Copy out each line of the data below in which the string "metal" appears.

-- INFORMATION SUPPLIED follows --

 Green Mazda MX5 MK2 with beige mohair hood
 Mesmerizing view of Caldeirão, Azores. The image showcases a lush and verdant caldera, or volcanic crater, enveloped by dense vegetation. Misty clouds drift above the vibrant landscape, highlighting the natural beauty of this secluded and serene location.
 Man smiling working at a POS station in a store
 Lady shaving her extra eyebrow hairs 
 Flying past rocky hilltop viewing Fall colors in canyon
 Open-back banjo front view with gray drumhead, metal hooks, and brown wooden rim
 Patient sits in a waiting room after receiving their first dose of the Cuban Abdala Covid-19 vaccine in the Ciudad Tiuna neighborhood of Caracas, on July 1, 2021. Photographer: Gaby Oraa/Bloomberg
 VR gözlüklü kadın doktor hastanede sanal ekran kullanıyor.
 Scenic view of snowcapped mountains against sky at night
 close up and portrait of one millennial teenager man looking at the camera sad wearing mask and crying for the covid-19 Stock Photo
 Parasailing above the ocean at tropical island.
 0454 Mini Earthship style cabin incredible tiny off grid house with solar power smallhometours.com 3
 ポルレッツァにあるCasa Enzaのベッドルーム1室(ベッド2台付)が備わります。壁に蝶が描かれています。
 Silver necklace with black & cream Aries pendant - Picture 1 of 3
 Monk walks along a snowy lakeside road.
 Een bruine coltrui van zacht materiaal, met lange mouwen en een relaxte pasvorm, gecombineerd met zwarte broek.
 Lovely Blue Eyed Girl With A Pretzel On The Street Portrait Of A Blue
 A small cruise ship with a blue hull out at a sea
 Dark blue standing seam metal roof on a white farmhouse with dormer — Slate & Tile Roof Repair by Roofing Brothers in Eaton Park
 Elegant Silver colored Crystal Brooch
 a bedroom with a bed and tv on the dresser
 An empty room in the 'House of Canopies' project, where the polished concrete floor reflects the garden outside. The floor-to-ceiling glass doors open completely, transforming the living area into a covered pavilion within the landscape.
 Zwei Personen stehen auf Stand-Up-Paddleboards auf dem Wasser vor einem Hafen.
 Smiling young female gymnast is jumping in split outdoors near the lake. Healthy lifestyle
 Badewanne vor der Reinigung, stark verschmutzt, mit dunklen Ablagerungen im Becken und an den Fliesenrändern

-- INFORMATION SUPPLIED concluded --

■ WRITTEN ANSWER ■
 Open-back banjo front view with gray drumhead, metal hooks, and brown wooden rim
 Dark blue standing seam metal roof on a white farmhouse with dormer — Slate & Tile Roof Repair by Roofing Brothers in Eaton Park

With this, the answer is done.